▶ _Goal of the exercise_:
Your task is to transcribe all the entries exactly, excluding pictures.

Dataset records

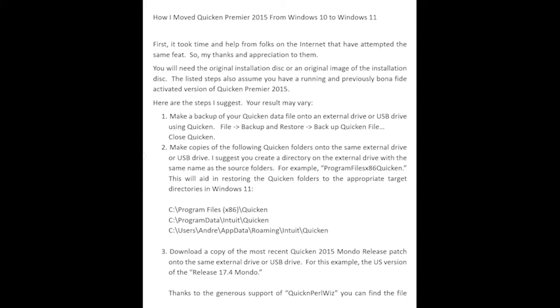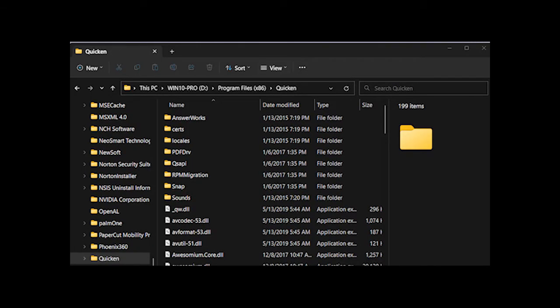Are you looking to move your 2014–2017 Quicken software? I've successfully moved it from Windows 10 to Windows 11 and I wanted to share the steps I took to successfully move my Quicken 2015. According to what I've read, many people have not been able to move their version of Quicken or activate or validate it because once you try to log in to the Quicken server, you get a blank page.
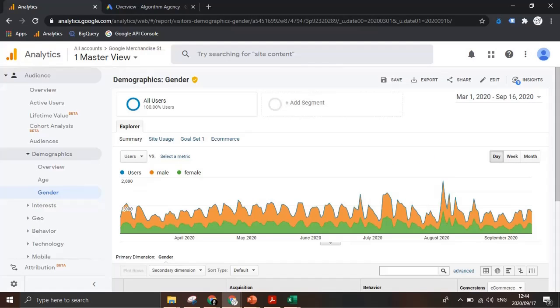Welcome to the digital how-to series. Today we're going to have a look at how to make use of secondary dimensions in Google Analytics to provide a deeper level of insight to your data.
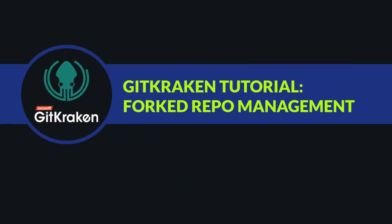Hey there! This is Manny from the GitKraken team and today we're going to be going over forked repositories and how to keep them up to date inside of GitKraken.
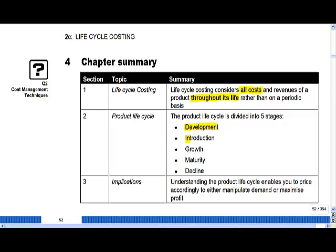There are five key stages to the product lifecycle which you need to be aware of, and you need to understand what is happening to your product at each of those stages. Having that understanding will help you establish the price you want to set to manipulate demand or maximize profit, depending on your objective, at each stage of the lifecycle. We'll touch more on this in Chapter 4 when we look at pricing strategies.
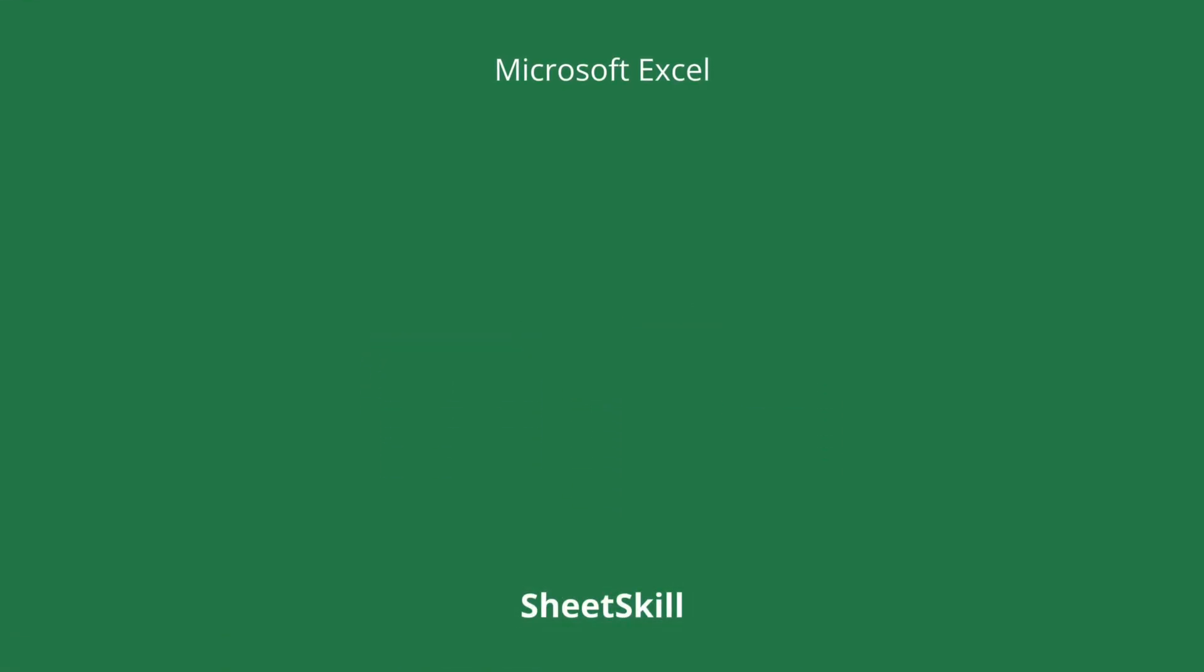Was that helpful? In the next video, we'll dive into even more powerful Excel tricks. Make sure to hit that subscribe button and give this video a thumbs up. See you soon!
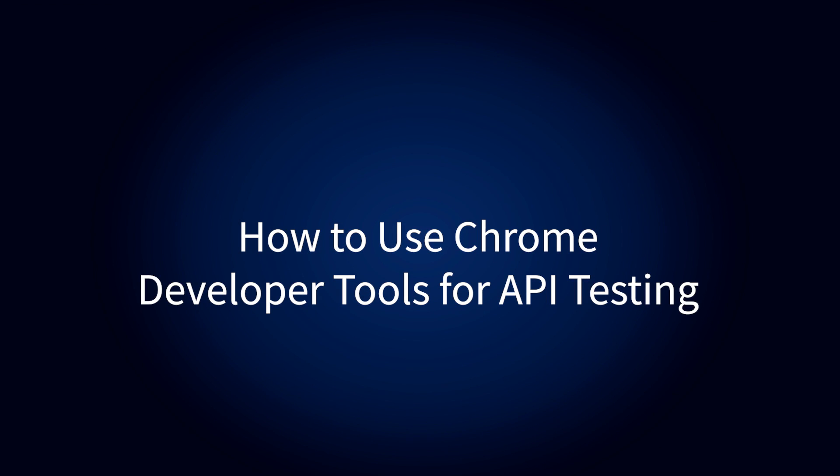In this video, we outline a step-by-step implementation of DevTools for API testing.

▶ _Task response_:
Are you looking to move your 2014–2017 Quicken software? I've successfully moved it from Windows 10 to Windows 11 and I wanted to share the steps I took to successfully move my Quicken 2015. According to what I've read, many people have not been able to move their version of Quicken or activate or validate it because once you try to log in to the Quicken server, you get a blank page.
Welcome to the digital how-to series. Today we're going to have a look at how to make use of secondary dimensions in Google Analytics to provide a deeper level of insight to your data.
Hey there! This is Manny from the GitKraken team and today we're going to be going over forked repositories and how to keep them up to date inside of GitKraken.
There are five key stages to the product lifecycle which you need to be aware of, and you need to understand what is happening to your product at each of those stages. Having that understanding will help you establish the price you want to set to manipulate demand or maximize profit, depending on your objective, at each stage of the lifecycle. We'll touch more on this in Chapter 4 when we look at pricing strategies.
Was that helpful? In the next video, we'll dive into even more powerful Excel tricks. Make sure to hit that subscribe button and give this video a thumbs up. See you soon!
In this video, we outline a step-by-step implementation of DevTools for API testing.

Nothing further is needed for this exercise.